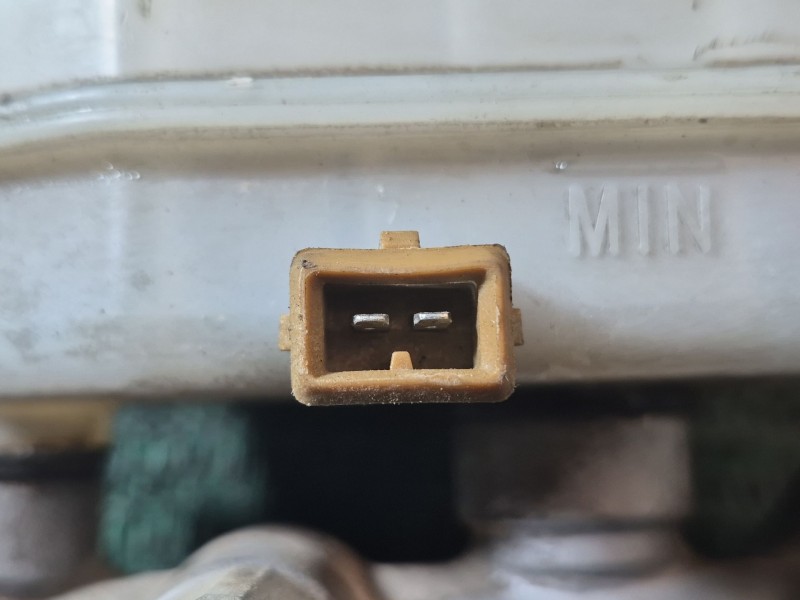 Recambio de bomba freno para hyundai accent (lc) gl 4p referencia OEM IAM 78BM1110371 78BM1110371 78BM1110371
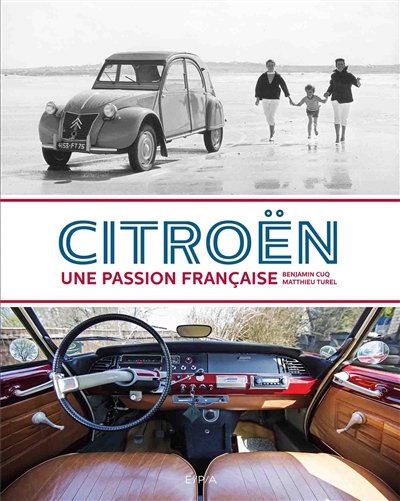 Citroën : une passion française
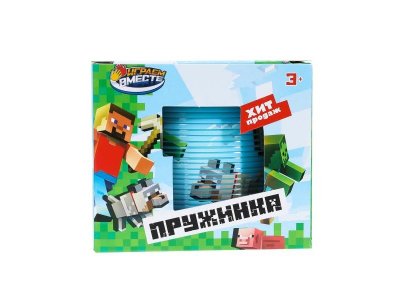 Игра Играем вместе Пружинка 1-00460612_1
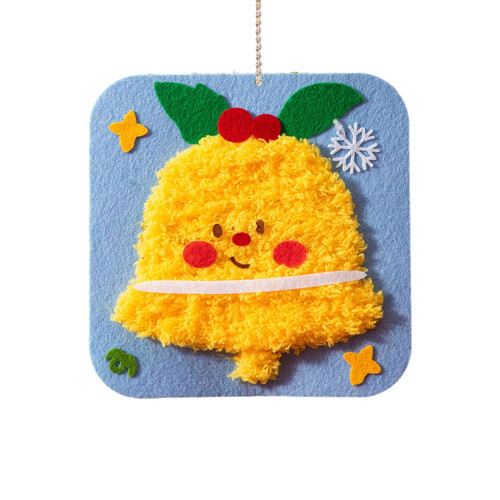 Christmas Starter Pack With Colorful Sturdy Yarn For-EI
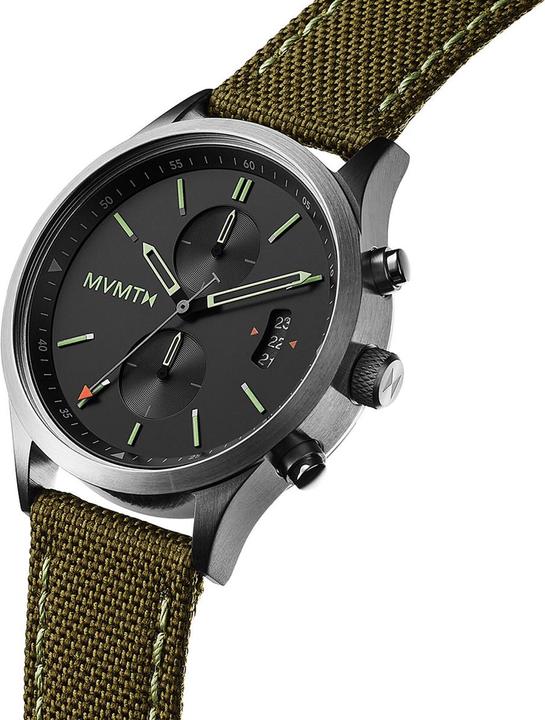 Produktbild Mvmt Havoc Chrono (Analoguhr, 44 mm)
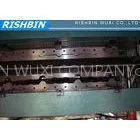Double Layer Roof Panel Roll Forming Machine 76 mm Shaft Diameter PLC Controlling System thumbnail-1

###

Work task: Could you copy the lines above exactly and skip the images?

Completed task:
 Recambio de bomba freno para hyundai accent (lc) gl 4p referencia OEM IAM 78BM1110371 78BM1110371 78BM1110371
 Citroën : une passion française
 Игра Играем вместе Пружинка 1-00460612_1
 Christmas Starter Pack With Colorful Sturdy Yarn For-EI
 Produktbild Mvmt Havoc Chrono (Analoguhr, 44 mm)
Double Layer Roof Panel Roll Forming Machine 76 mm Shaft Diameter PLC Controlling System thumbnail-1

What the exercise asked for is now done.